- **Problem to solve**
Wherever an image appears in the data, omit it and copy all the remaining text word for word.

- **The data**
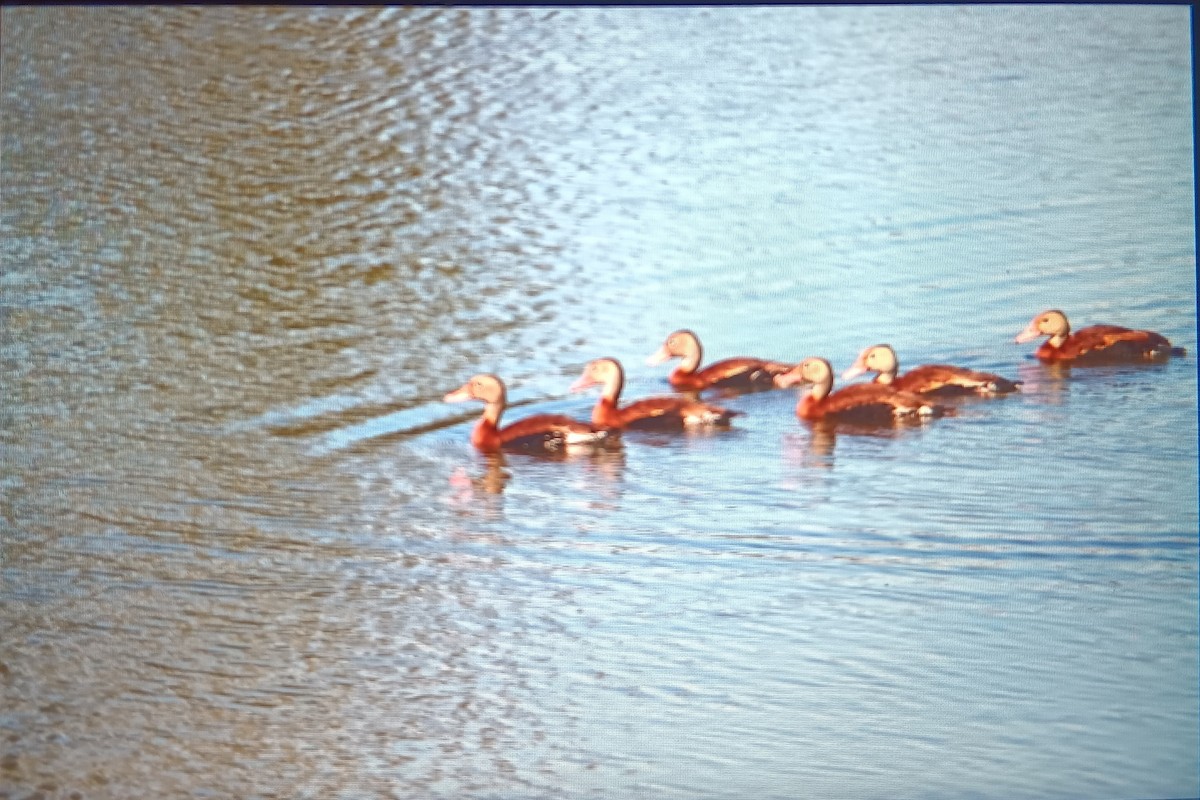 Black-bellied Whistling-Duck - ML624165337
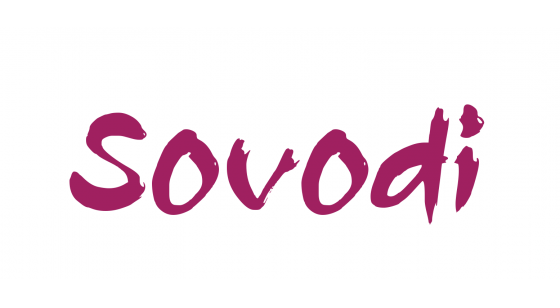 Sovodi.com is for sale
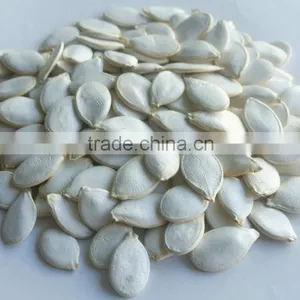 China,InnerMogolia,2015,high Quality,Green Snow White Pumpkin Seeds for Human Consumption thumbnail-2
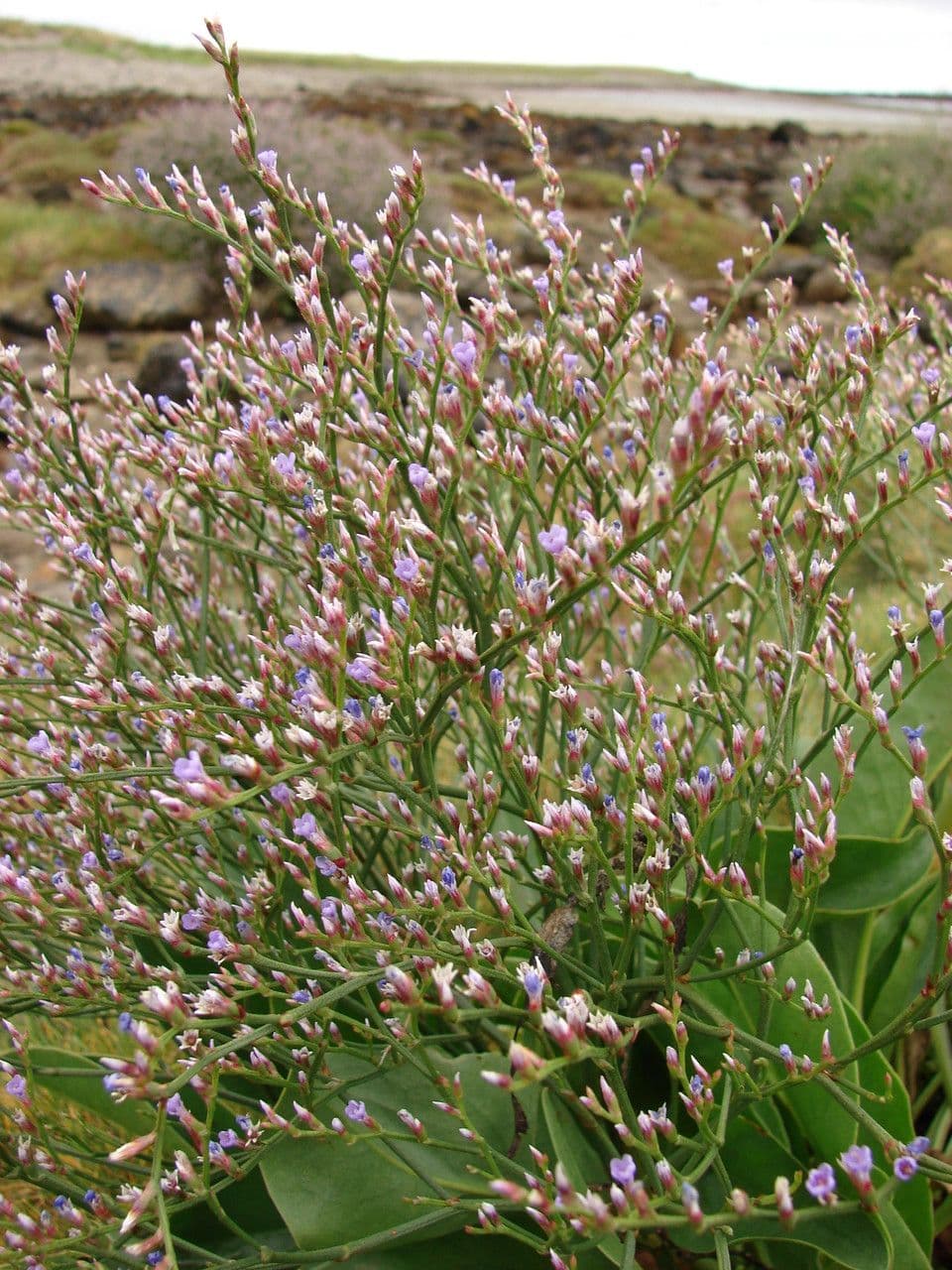 Limonium 2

- **Solved exercise**
 Black-bellied Whistling-Duck - ML624165337
 Sovodi.com is for sale
 China,InnerMogolia,2015,high Quality,Green Snow White Pumpkin Seeds for Human Consumption thumbnail-2
 Limonium 2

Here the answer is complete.